Friday, November 9, 2012

Ketchup to the Rescue!

This week we have been working on the letter C, focusing on the "hard C" or /k/ sound. Jude was struggling to hear the /k/ sound at the start of several words.

The exercise we were doing was to sort words that started with /k/ sounds from ones with miscellaneous other sounds (/p/ and paints, /h/ and horse, etc).  He was mispronouncing /k/ as /t/ - the word "comb" was sounding like "tome", cup like "tup" etc.  When I asked him what sound they started with, he was confident it was /t/.  When I corrected him and had him repeat the sound, he said, "Yeah, /t/."  He was over-enunciating, and I was able to see into his mouth - it was a classic "right church, wrong pew" moment.  His tongue was against the top of his mouth, but too far forward.  Instead of being a "palate"sound, it was coming out as a "dental" sound, with his tongue just behind his teeth!
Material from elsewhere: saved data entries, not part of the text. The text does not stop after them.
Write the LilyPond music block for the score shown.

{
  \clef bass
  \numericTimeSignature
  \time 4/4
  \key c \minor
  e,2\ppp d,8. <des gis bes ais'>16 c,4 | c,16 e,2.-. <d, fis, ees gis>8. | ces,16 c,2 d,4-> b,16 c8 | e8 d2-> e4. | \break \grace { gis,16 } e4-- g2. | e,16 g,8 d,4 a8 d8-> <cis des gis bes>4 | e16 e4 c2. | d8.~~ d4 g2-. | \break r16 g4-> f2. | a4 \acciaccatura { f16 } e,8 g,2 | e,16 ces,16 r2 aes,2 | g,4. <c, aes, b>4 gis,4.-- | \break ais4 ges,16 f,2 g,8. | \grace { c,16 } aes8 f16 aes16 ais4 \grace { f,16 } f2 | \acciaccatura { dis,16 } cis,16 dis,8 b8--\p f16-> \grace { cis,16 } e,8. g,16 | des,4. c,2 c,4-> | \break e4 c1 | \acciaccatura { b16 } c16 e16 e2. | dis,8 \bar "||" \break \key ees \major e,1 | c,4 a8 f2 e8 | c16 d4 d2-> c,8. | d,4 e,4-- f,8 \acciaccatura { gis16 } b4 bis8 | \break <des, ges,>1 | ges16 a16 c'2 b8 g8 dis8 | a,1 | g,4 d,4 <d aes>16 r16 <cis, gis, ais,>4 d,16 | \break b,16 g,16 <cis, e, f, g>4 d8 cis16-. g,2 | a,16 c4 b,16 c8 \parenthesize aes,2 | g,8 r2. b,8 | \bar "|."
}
Ketchup as a speech aid.  Who knew? 
I know that in speech therapy, it is not uncommon to apply a viscous food to the mouth to encourage the tongue to position itself in that area.  The most common food traditionally is peanut butter - most kids like the taste, and it stays put until the tongue wipes it away.  There is just one - slightly major - problem with that. Jude is allergic to peanuts.  We do have sunflower butter in the house for Matthew (also allergic to nuts), but Jude hates the stuff.  He also dislikes nearly every other sticky substance we have - marshmallow fluff, a Nutella style but nut-free chocolate spread, honey, etc., and even refrigerated, Hershey syrup is still pretty runny. Suddenly, a thought hit me like a falling brick--ketchup!!  This is a kid who eats a few fries with his ketchup, and then licks the leftover ketchup from his plate.  I know he will accept that!  I poured some into a bowl, grabbed a clean paintbrush, and we got back to work.
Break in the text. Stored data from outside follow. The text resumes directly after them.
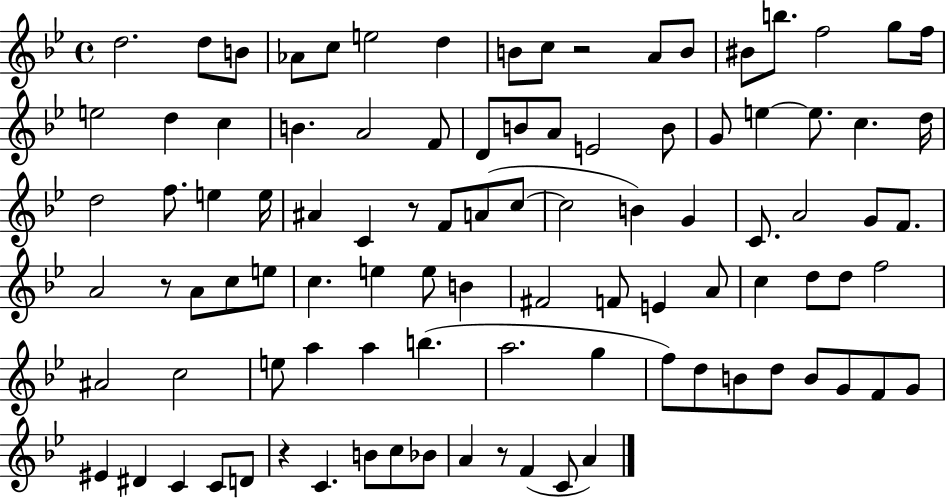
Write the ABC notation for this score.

X:1
T:Untitled
M:4/4
L:1/4
K:Bb
d2 d/2 B/2 _A/2 c/2 e2 d B/2 c/2 z2 A/2 B/2 ^B/2 b/2 f2 g/2 f/4 e2 d c B A2 F/2 D/2 B/2 A/2 E2 B/2 G/2 e e/2 c d/4 d2 f/2 e e/4 ^A C z/2 F/2 A/2 c/2 c2 B G C/2 A2 G/2 F/2 A2 z/2 A/2 c/2 e/2 c e e/2 B ^F2 F/2 E A/2 c d/2 d/2 f2 ^A2 c2 e/2 a a b a2 g f/2 d/2 B/2 d/2 B/2 G/2 F/2 G/2 ^E ^D C C/2 D/2 z C B/2 c/2 _B/2 A z/2 F C/2 A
I had him open wide so I could see his palate, and dabbed ketchup about halfway back.  I told him to lick it off with his tongue while he said the word "cow."  Eureka!  It started with a /k/ sound.  Another dab and the word "cup." Spot on!  We went through all of the words in the unit, and with ketchup, he got them all.  I never thought we would be using ketchup to learn letter sounds, but since it works, why not?  When we work on other sounds/words, we will try it and see if it helps get them more accurate -- and accurate sounds are the first step to isolating sounds, because you can't isolate the sound you're not making or hearing! 

And since ketchup makes everything more palatable, maybe it will make phonics and speech not so dreaded. 


1 comment:

  1. Jude's lucky to have such an awesome mom that doesn't let little things like food allergies stand in the way of making progress. You should be sure to add "speech therapist" to your unofficial resume.